It’s 2013 and sneaker company Converse is going strong. But just a handful of years ago it wasn’t, as Laura Lorenzetti writes for Quartz. Converse filed for bankruptcy in 2001 after more than a century in the shoe-making business. Two years after that iconic Nike bought the company and helped bring Converse to more than a billion in annual revenue today.
You could chalk it up to the ups and downs of doing business in a free market economy, where what’s fashionable where footwear is concerned remains subject to the vagaries of consumer taste and preference.

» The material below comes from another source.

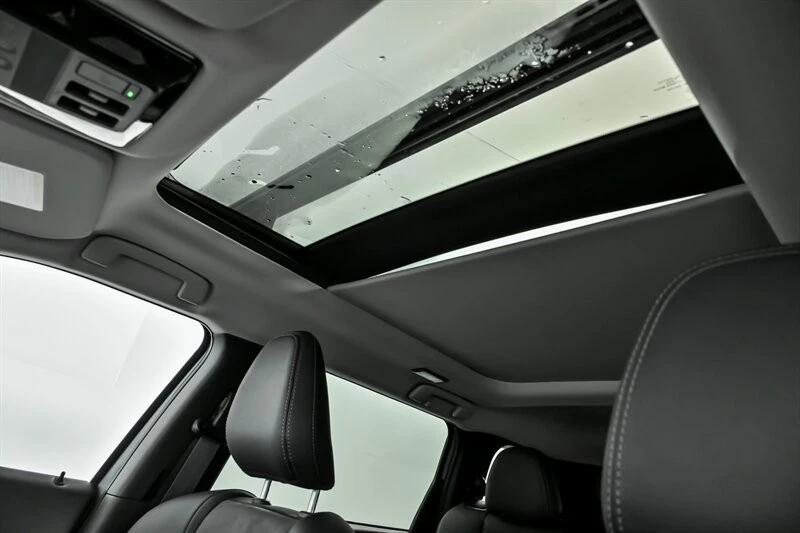 2026 Mitsubishi Outlander - Image 15 of 21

Indeed, Lorenzetti gives us little in the way of explaining exactly why Converse struggled so mightily in the late 1990s and early 2000s, which leads one to make these types of assumptions. In fact, Lorenzetti mentions only those recent periods of time in which Converse reigned supreme, including the 1980s, when Converse was the “quintessential casual footwear.”

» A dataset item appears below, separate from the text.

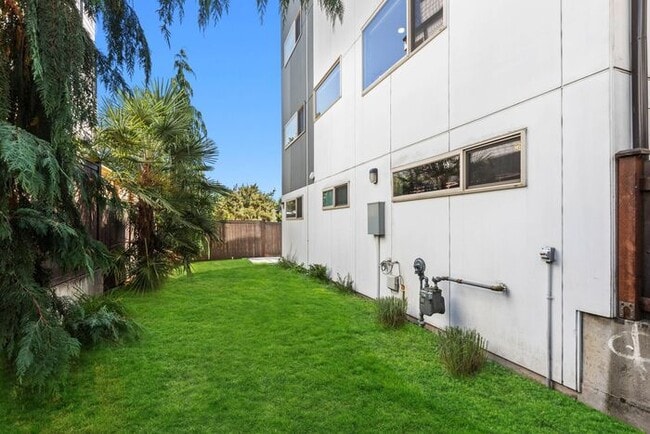 Building Photo - Air Conditioned Judkins Parkside Townhome ...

The only thing we know for certain is that things change. Sometimes bankruptcy is required to help a once-mighty company survive and pick itself back up again. (That, and an acquisition.) But Nike saw potential in Converse, and began a targeted advertising campaign appealing to those of the Millennial generation, which has appeared to reestablish Converse as the King of Sneakers these days.
Long story short: Bankruptcy is not the end of business. It can be a new beginning.